Are you completely certain that you should act according to your moral perspective?
I don’t think “moral uncertainty” is something that can be solved, or even a legitimate meta-ethical problem. You can’t compare how bad something is across multiple ethical theories. Is 1 violation of rights = 1 utilon? There’s also the possibility that the correct ethical theory hasn’t even been discovered yet, and we don’t have any idea what it would say.
Cool. Interestingly, twice you’ve surprised me by endorsing a position that I thought you were repudiating. A straight line in terms of experience and value is exactly what I think of by symmetric utilitarianism, just as puzzling over this question is just what I imagine by thinking moral uncertainty is a problem. The idea that the correct ethical theory hasn’t been discovered yet, if there is such a thing, seems to be the most important source of uncertainty of all to me, though it is rarely discussed.

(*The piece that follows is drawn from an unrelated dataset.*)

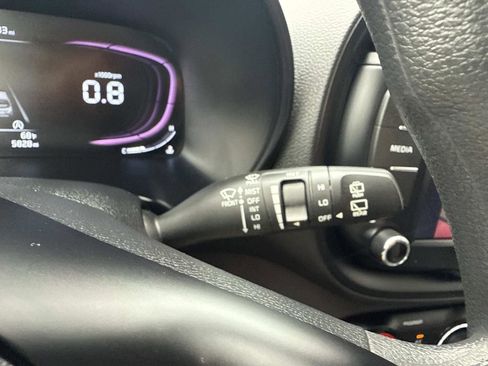 Used 2023 Kia Soul LX image 29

I believe in a symmetry for people who already exist, but I also think empirically that many common sources of suffering are far worse than the common sources of happiness are good. For people who don’t exist, I don’t see how creating more happy people is good. The absence of happiness is not bad. This is where I think there is an asymmetry.
I don’t even understand what it would mean for an ethical theory to be correct. Does that mean it is hardwired into the physical constants of the universe? I guess I’m sort of a non-cognitivist.
Right, but is that for sources of happiness and suffering that are common among all people who will exist across all time? Because almost all of the people who will exist (irrespective of your actions) don’t currently.
There’s a difficulty that I guess you’d be sensitive to, in that it’s hard to distinguish the absence of happiness from the presence of suffering and vice versa. The difference between the two is not hardwired into the physical constants of the universe, if that is a phrasing that you might be sympathetic to, though no snark is intended.
If you’re non-cognitivist, then you could ask whether you “should” (even rationally or egoistically) act according to your moral perspective. If you choose to live out your values by some description, for some reason, then they’re not going to be purely represented by any ethical theory anyway, and it’d be unclear to me why you’d want to simplify your intuitions in that way.
If you don’t have a child, you are not decreasing your nonexistent offspring’s welfare/preference satisfaction. Beings who do not exist do not have preferences and cannot suffer. Once they exist (and become sentient), their preferences and welfare matter. This may not be hardcoded into the universe, but it’s not hard to distinguish between having a child and not having one.
I meant within one person. If you believe that there is a fundamental difference between intrapersonal and interpersonal comparisons, then you’re going to run into a wall trying to define persons… It doesn’t seem to me that this really checks out, putting aside the question of why one would want simple answers here as a non-cognitivist.